On 26-okt-2005, at 18:08, Geoff Huston wrote:

Public thanks to Dave, Geoff, Vijay, Ted and Jason for their
involvement in bringing shim6 to the NANOG conference.

I just looked at the stream and I can't say that this made me vary happy. </understatement>

Some of the comments made were nothing short of ridiculous, with people claiming authority over the traffic engineering decisions made by their _customers_. Understanding of what shim6 is and what it does was sorely lacking.

The messages I heard were:

1) Traffic engineering, traffic engineering and traffic engineering

I guess we'll have to take this one to heart. I believe this means decent traffic engineering must be in the first version of the specs.

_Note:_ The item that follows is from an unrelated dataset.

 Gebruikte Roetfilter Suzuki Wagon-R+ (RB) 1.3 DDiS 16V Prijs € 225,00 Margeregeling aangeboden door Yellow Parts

    - do NOT put this in the hands of the end system, this needs to
be site level, or at the very least the site needs to be able to
override the end system's decisions.

This is doable if we support proxy shim6 in middleboxes.

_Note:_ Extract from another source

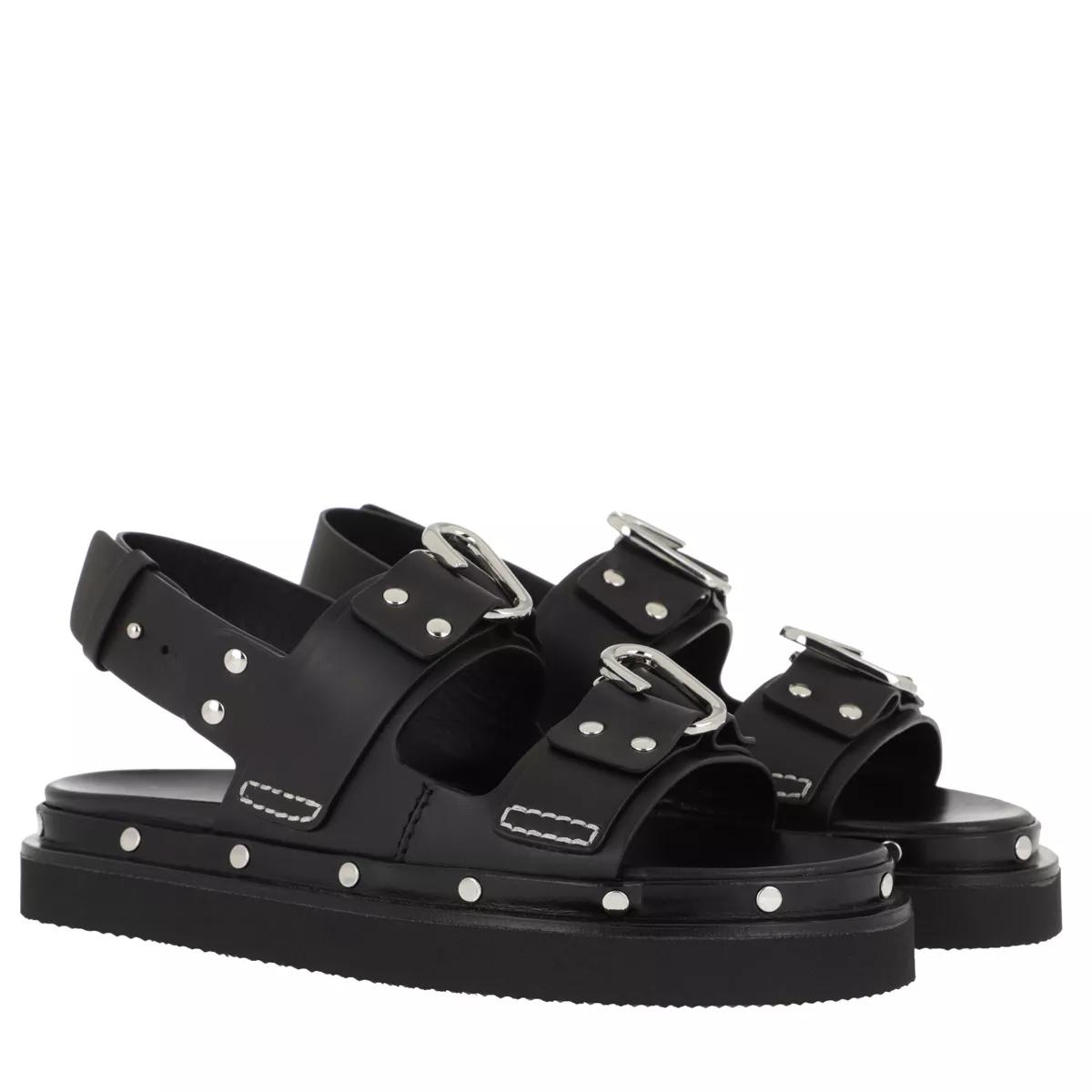 male Komfort Sandalen schwarz Römersandale 36 von 3.1 phillip lim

Doing shim6 in a middlebox for a legacy host may be challenging, but worthwhile because it makes deployment so much easier.

But doing part of shim6 in middleboxes (the part that relates to traffic engineering and other policy stuff) and part on the hosts shouldn't be too hard.

2) The first hit is of critical importance to content providers (many
of whom couldn't legitimately justify a /32).  Hunting through DNS to
find a locator that works won't fly.

Right. So how do we solve this? Second shim? Shim-before-syn?

3) It was good to hear in a widespread forum that shim6 is not
expected to be THE only multihoming solution.  However, we were left
uninformed as to where the other work is going on.

Time to dust off geographical aggregation, I guess.